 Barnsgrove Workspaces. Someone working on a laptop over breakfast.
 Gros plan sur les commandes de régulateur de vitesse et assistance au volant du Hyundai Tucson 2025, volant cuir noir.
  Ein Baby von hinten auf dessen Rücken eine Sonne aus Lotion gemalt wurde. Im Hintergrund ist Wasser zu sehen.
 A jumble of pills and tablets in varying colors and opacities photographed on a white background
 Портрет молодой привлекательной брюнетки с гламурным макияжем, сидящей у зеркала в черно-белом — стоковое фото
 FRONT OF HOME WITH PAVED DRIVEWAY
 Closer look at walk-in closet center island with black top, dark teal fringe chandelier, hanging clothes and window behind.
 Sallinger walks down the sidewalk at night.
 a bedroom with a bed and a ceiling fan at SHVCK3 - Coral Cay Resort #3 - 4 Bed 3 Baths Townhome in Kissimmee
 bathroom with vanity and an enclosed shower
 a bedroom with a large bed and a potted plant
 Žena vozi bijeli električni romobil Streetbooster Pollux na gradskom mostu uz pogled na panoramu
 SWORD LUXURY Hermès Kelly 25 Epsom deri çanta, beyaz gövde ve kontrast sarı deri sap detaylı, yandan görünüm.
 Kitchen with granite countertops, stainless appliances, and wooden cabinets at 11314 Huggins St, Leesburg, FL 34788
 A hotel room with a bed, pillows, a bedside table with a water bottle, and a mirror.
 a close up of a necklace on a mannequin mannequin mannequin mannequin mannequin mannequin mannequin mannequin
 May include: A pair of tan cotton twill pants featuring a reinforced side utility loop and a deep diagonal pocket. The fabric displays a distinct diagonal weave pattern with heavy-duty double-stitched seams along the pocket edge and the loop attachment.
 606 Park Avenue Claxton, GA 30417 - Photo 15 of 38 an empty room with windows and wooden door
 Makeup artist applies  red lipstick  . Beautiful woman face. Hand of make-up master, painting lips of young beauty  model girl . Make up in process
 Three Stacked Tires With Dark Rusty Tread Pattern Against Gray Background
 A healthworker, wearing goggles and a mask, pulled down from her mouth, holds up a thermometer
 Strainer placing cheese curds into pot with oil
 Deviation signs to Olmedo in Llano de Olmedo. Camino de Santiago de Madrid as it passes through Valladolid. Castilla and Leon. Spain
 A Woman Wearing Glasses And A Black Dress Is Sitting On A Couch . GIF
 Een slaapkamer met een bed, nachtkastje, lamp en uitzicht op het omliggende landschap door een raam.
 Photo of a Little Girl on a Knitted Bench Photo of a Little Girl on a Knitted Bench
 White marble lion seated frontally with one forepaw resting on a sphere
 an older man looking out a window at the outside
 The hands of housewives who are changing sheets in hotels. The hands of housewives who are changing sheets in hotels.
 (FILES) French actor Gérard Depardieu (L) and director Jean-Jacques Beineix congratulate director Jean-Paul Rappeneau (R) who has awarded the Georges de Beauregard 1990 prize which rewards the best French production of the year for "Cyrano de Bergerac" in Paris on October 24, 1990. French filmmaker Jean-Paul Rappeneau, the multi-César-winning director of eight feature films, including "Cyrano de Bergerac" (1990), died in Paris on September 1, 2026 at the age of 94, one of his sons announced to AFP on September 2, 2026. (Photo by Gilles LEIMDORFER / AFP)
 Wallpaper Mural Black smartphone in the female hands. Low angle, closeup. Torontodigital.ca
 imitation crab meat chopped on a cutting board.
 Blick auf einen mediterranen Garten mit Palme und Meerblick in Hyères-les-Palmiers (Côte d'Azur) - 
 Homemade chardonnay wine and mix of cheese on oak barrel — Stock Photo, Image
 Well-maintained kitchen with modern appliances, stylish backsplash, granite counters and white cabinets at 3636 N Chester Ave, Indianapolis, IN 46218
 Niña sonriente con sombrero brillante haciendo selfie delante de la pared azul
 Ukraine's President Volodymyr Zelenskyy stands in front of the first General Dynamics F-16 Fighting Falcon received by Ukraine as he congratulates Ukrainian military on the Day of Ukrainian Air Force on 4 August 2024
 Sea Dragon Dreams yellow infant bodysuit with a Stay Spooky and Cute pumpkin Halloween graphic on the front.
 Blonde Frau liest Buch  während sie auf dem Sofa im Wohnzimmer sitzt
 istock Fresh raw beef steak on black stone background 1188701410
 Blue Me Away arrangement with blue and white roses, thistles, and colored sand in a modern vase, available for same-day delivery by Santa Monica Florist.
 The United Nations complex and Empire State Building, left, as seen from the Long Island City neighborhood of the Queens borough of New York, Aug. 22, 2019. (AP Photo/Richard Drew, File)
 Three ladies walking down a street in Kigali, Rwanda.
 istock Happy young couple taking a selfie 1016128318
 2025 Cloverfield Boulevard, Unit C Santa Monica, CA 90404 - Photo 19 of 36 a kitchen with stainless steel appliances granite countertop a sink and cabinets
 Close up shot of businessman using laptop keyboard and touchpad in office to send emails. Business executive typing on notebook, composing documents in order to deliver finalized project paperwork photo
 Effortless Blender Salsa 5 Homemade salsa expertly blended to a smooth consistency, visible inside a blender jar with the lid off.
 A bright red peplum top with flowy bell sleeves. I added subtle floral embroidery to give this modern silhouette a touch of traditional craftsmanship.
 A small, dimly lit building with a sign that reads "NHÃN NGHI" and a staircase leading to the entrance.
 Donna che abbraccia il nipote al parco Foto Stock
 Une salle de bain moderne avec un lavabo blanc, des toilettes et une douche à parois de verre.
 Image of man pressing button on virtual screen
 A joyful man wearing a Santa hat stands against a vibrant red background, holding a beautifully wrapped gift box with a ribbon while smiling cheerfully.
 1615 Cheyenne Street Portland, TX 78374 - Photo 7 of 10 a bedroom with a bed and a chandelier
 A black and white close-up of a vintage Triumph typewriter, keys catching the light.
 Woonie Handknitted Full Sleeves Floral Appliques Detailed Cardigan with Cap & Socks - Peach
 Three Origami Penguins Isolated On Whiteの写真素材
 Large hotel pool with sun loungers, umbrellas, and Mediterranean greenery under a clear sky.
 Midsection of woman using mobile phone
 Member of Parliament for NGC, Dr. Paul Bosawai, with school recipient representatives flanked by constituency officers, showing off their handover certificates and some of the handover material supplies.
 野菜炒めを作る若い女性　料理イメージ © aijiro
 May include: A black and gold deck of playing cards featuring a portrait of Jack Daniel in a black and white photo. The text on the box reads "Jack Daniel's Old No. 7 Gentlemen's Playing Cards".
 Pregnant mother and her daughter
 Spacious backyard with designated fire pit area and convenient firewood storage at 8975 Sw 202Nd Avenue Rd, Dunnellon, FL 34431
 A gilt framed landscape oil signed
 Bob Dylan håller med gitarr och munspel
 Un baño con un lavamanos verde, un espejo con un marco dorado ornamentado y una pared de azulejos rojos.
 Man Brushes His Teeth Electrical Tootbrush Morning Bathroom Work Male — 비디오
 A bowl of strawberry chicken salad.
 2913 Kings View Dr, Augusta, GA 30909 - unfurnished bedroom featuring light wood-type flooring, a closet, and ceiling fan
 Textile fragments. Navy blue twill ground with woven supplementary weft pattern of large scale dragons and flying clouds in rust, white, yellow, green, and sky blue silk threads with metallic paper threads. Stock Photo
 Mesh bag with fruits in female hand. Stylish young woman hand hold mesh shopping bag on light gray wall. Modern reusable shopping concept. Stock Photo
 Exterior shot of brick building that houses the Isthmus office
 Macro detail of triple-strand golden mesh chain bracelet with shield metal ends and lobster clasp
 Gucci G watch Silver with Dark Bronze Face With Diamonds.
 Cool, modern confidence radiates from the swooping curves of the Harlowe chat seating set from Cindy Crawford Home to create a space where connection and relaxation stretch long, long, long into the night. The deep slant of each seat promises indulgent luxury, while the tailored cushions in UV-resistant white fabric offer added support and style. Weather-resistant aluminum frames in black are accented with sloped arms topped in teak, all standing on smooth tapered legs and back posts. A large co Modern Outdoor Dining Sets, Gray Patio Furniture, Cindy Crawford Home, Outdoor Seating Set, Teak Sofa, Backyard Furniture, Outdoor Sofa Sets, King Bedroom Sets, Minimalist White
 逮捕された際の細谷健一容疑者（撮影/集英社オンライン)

──────

Copy out, word for word, the part of the entries above that begins at the line with "Wallpaper Mural Black" and ends at the line with "Well-maintained kitchen with", including both.

■ **TASK RESULT**
 Wallpaper Mural Black smartphone in the female hands. Low angle, closeup. Torontodigital.ca
 imitation crab meat chopped on a cutting board.
 Blick auf einen mediterranen Garten mit Palme und Meerblick in Hyères-les-Palmiers (Côte d'Azur) - 
 Homemade chardonnay wine and mix of cheese on oak barrel — Stock Photo, Image
 Well-maintained kitchen with modern appliances, stylish backsplash, granite counters and white cabinets at 3636 N Chester Ave, Indianapolis, IN 46218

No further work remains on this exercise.